Monday, July 11, 2005

Closed Communion

Imagine that you are gathered with others for worship. After the hymns and liturgy, Scripture lessons and sermon, the Pastor says, "We are ready to participate in the fellowship of the Lord's Supper. Therefore, those of you who are not baptized, or are not instructed in the teaching of the apostles and prophets, or are not part of this confessional fellowship, are now dismissed. Thank you for your interest in hearing God's Word. We pray it will bear fruit in your heart and life."
You are attending a first-century Christian worship service. This congregation is practicing closed communion. Simply stated, the practice of closed communion means that only those who belong to the same confessional fellowship–those who believe, confess, and teach the prophetic and apostolic faith–may join together in the fellowship of Holy Communion.
Refusing communion to the general public and even to erring Christians is consistent with the historic practice of the Christian Church. Through the ages confessing Christians have regarded unity of doctrine as a prerequisite for admission to the Sacrament of Holy Communion. To this day, the Lutheran Church follows the Christian practice of closed communion. Those who are not Lutherans frequently do not understand this practice and often become very judgmental in the things they say. Sometimes even Lutherans do not clearly understand closed communion and may be embarrassed that their congregation follows this practice.
The purpose of this article is to briefly explain our practice of closed communion so it may be understood by inquirers. The focus will be on three major emphases.
The practice of closed communion rises from the Scriptural understanding of the nature of the Sacrament of the Altar.
"Our Lord Jesus Christ, on the night when He was betrayed took bread, and when He had given thanks, He broke it and gave it to the disciples and said, 'Take, eat; this is My body, which is given for you. This do in remembrance of me.' In the same way also He took the cup after supper, and when He had given thanks, He gave it to them, saying: 'Drink of it, all of you; this is My blood of the new testament, which is shed for you for the forgiveness of sins. This do, as often as you drink it, in remembrance of Me.'"
These words are known as the Words of Institution, since they were used when the Lord's Supper was instituted. They come from our Lord Jesus Himself. To call Jesus Christ "Lord" is to recognize that His Word is authoritative. He is Truth. His Word is truth. His words are true. When He says of the unleavened bread "This is My body" and of the cup (wine) "This is My blood," we must take Him seriously. Therefore, in this Sacrament we receive our Lord's true body and true blood in, with, and under the unleavened bread and wine.

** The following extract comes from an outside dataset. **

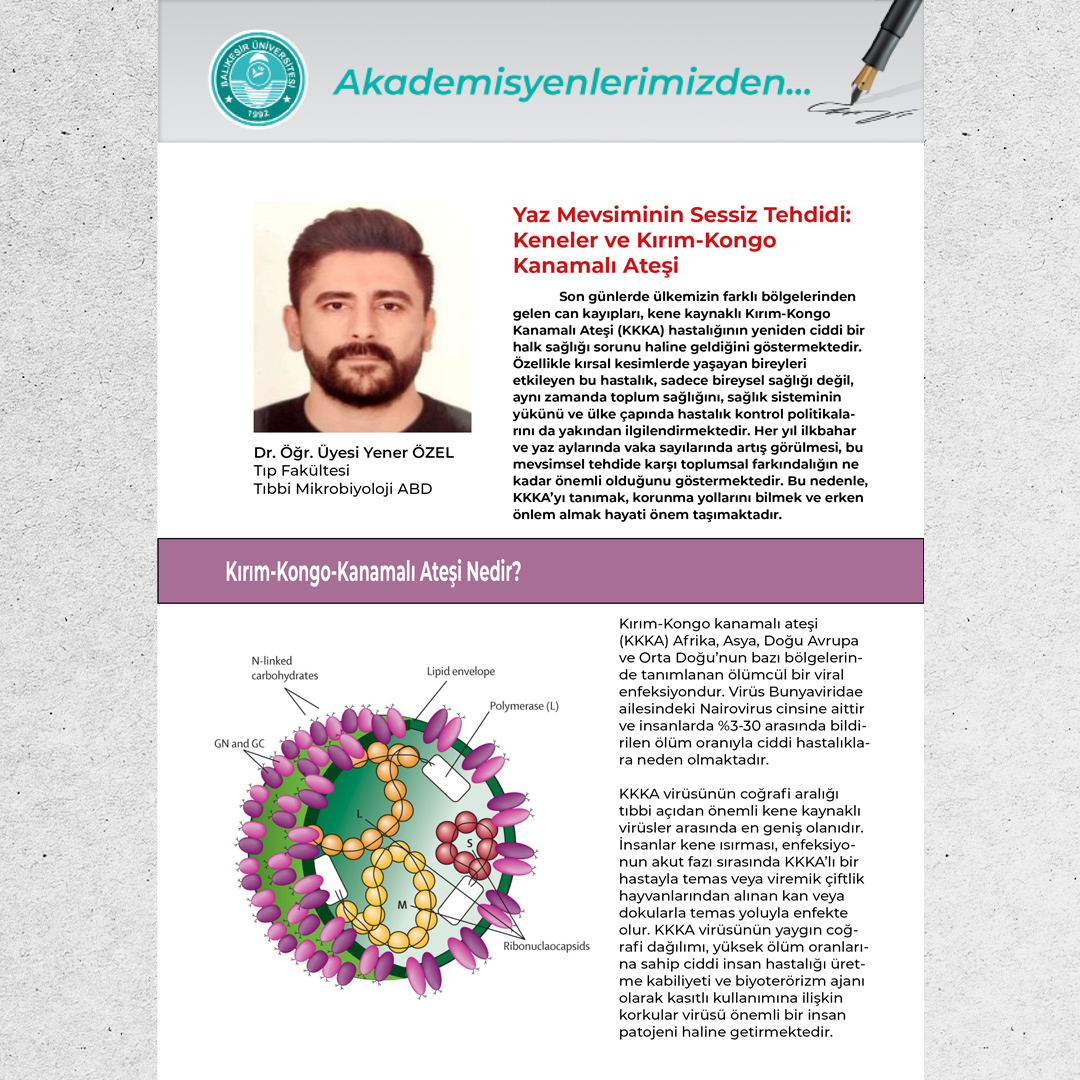 Akademisyenlerimizden; Yaz Mevsiminin Sessiz Tehdidi: Keneler ve Kırım–Kongo Kanamalı Ateşi  2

Therefore, we do not contradict our Lord's Word by teaching that this Sacrament is merely a meal of obedience in which we participate simply because He commands it.
We do not contradict our Lord's Word by teaching that this Sacrament is a symbolic meal in which the bread and the wine merely represent or symbolize the absent body and blood of Jesus.
We do not contradict our Lord's Word by teaching that this Sacrament is a meal in which our Lord is spiritually present and bodily absent.
We do not contradict our Lord's Word by teaching that this Sacrament is a sacrifice for sin which the pastor offers to God.
As Lutherans, we take the Lord at His Word. We do not claim to understand how the sacramental union takes place, but we dare not contradict the Word of our Lord simply because we cannot understand it. This Sacrament is the Lord's Supper. He is the Host, and we are His guests. He determines the nature of His Holy Meal. Genuine faith receives what the Lord promises and gives.
In this Sacrament, the Lutheran Church is aware that much more than bread and wine is involved. The body and blood of Jesus Christ are really present, as He himself says. Such an awareness of the nature of this Sacrament causes Lutherans to exercise great care so the body and blood of our Savior Jesus Christ is recognized, respected, and received in faith. To change the clear Word of our Lord regarding His Supper is both disrespectful and disobedient.
The practice of closed communion is required by the understanding that fellowship at the Lord's Table is the confession of a common faith.
Some people may not understand the unity of faith and its practical application in the Sacrament of the Altar, because they misunderstand the Biblical concept of fellowship. In our day "fellowship" means little more than friends getting together to enjoy each other's company. In the New Testament the word "fellowship" (koinonia) means "participation in a common thing."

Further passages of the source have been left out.